Amnesty International calls on Washington to demand `concrete improvements' in Chinese human rights

Complaining about a lack of Chinese progress, Amnesty International exhorted American diplomats Friday to set specific goals and demand the release of political prisoners during a new round of human rights talks in Beijing next week.

"We remain deeply concerned by the lack of progress," the London-based organization said in a letter to U.S. Secretary of State Colin Powell. "Without progress on these fundamental topics the effectiveness of the dialogue remains in question."

The meeting Monday in Beijing is part of a periodic series of human rights exchanges held by China since the mid-1990s with the United States, the European Union and other governments. Activists say such meetings produce little, while muting official criticism of China. U.S. and other officials release few details of their talks.

Amnesty cited a wide range of outstanding issues despite past talks with Washington, including torture in prisons and crackdowns on Internet dissent and the Falun Gong spiritual group.

Beijing routinely rejects human rights criticism as interference in its affairs. But it has carried on such dialogues since the mid-1990s with the European Union, the United States and other governments, and in recent years has shifted its public tone to acknowledge progress is under way — though on China's terms.

Amnesty called on U.S. diplomats to tell Chinese officials that human rights will be an "integral part of the political dialogue" with Beijing.

"The U.S. government should the specify the overall aims, concrete objectives and time frame," its letter said. "Benchmarks for progress should be identified and complemented with a clear time frame for the achievements of these objectives."

The group said it sent a copy to U.S. Assistant Secretary of State Lorne Craner, who will represent Washington at the Beijing talks. Craner is head of the State Department's human rights bureau.
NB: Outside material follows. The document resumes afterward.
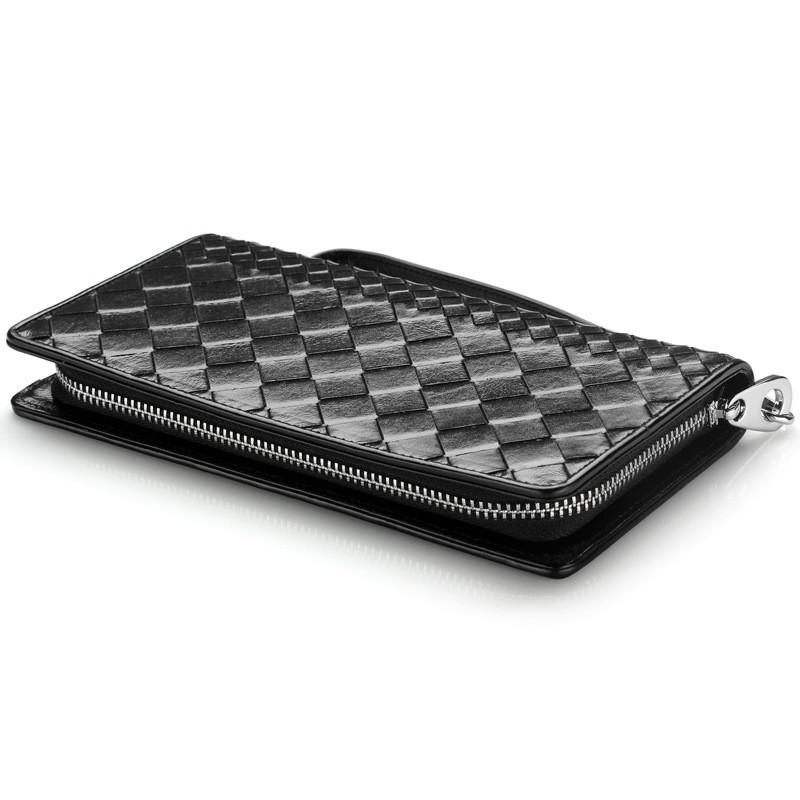 財布 長財布 メンズ 革 レザー 二つ折 高性能 メッシュ ラウンドファスナー イントレチャート 編み込み 使い勝手の良い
The letter asked U.S. officials to convey a list of specific requests.

They include the release of Rebiya Kadeer, a prominent Muslim businesswoman imprisoned for sending newspapers to her activist husband abroad, and dissident Xu Wenli, who is serving a 13-year prison term and is reported to be suffering from Hepatitis B.

Amnesty said it recognized that engagement with China is a long-term process, and that "dialogue may not produce major changes in the short term."

However, it said that in some cases abuses have worsened, such as a recent Chinese crackdown on Internet use in which it said at least 30 people have been arrested on vague subversion or state-secrets charges.

Amnesty also complained of imprisonment, torture and sometimes death in the government's crackdown on independent Christian churches, Falun Gong and Tibetan, Muslim and other ethnic minority activists.

China has been accused recently of misusing the international campaign against terrorism to crack down on peaceful pro-independence sentiment in Tibet and among Uighurs, a Muslim minority in the northwestern Xinjiang region.

"Thousands of Tibetan Buddhist monks and nuns remain in detention, while ethnic Uighurs, many of them Muslims, are falsely accused of being `separatists' or `terrorists,'" Amnesty said. "Many have been executed after secret trials."